成婚八年,霍承昱纳了四房妾室,其中三年他不在家。
大胜回京时,他又带回一名女子,并许以平妻之位。
只是这一次,我不想忍了。
…………
霍承昱征战三年,大胜回朝。
他既未进宫面圣,也没去给霍老夫人请安。
而是抱着一位昏迷不醒的姑娘,直接进了听竹轩。
听竹轩是霍承昱的地儿,包括我在内的所有人都不得善入。
嫁入镇北侯府八年,我还一次都没进去过。
可如今,我的夫君霍承昱亲手将人抱进了听竹轩。
安宁了三年侯府后院炸开了锅。
四位姨娘闹到我跟前,让我为她们做主。
我无奈。
“那就都随我去看看吧。
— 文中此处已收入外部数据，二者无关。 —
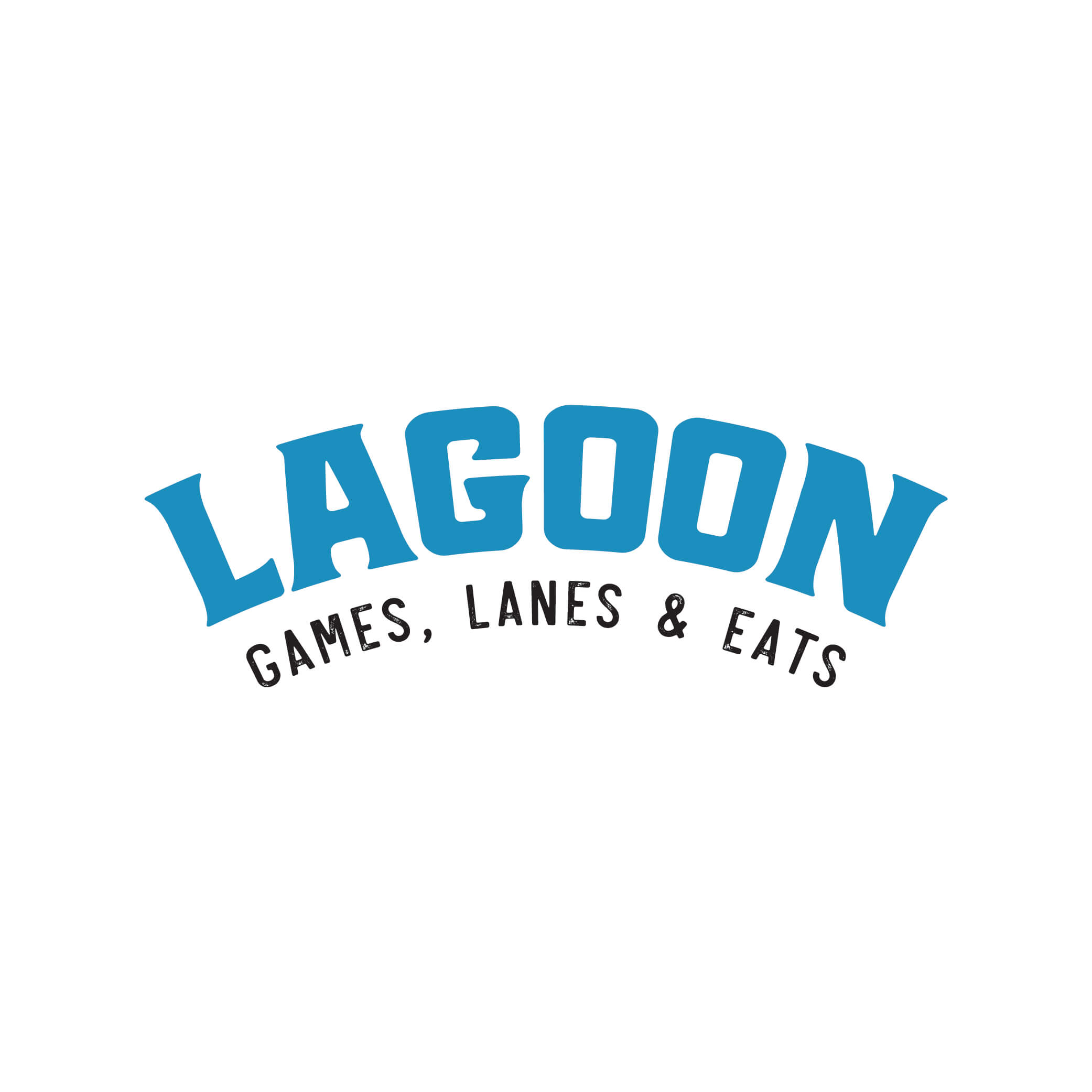 Lagoon Games, Lanes & Eats Logo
”
哭闹声忽然止住,年纪最小胆子也最小的云姨娘头摇的像拨浪鼓。
柳姨娘和梅姨娘对视一眼,也退了一步。
连闹得最凶的琴姨娘都讪讪道:“不好打扰伤者,待日后再去拜访也不迟。”
都是人精儿,就知道拿我这个所谓的正牌夫人当枪使。
可我能不去吗?
全府上下,不知多少双眼睛看着我呢。
听竹轩外戒备森严,站了好些侍卫。
也不知道是在防谁。
通报之后,是霍承昱身边的长随余虎迎了出来。
“小的见过夫人。”
“免了,侯爷呢?”
“回夫人,在里面盯着府医用药呢,您请。”
我站着没动。
“那姑娘如何了?”
“一直昏迷不醒,换了几个方子都不大见效,侯爷正着急呢。”
我先打发海棠拿我的帖子进宫去请御医,然后才跟着余虎进了听竹轩。
听竹轩没有卧房,只在内室安置了一张小榻,霍承昱偶尔会在这里休憩。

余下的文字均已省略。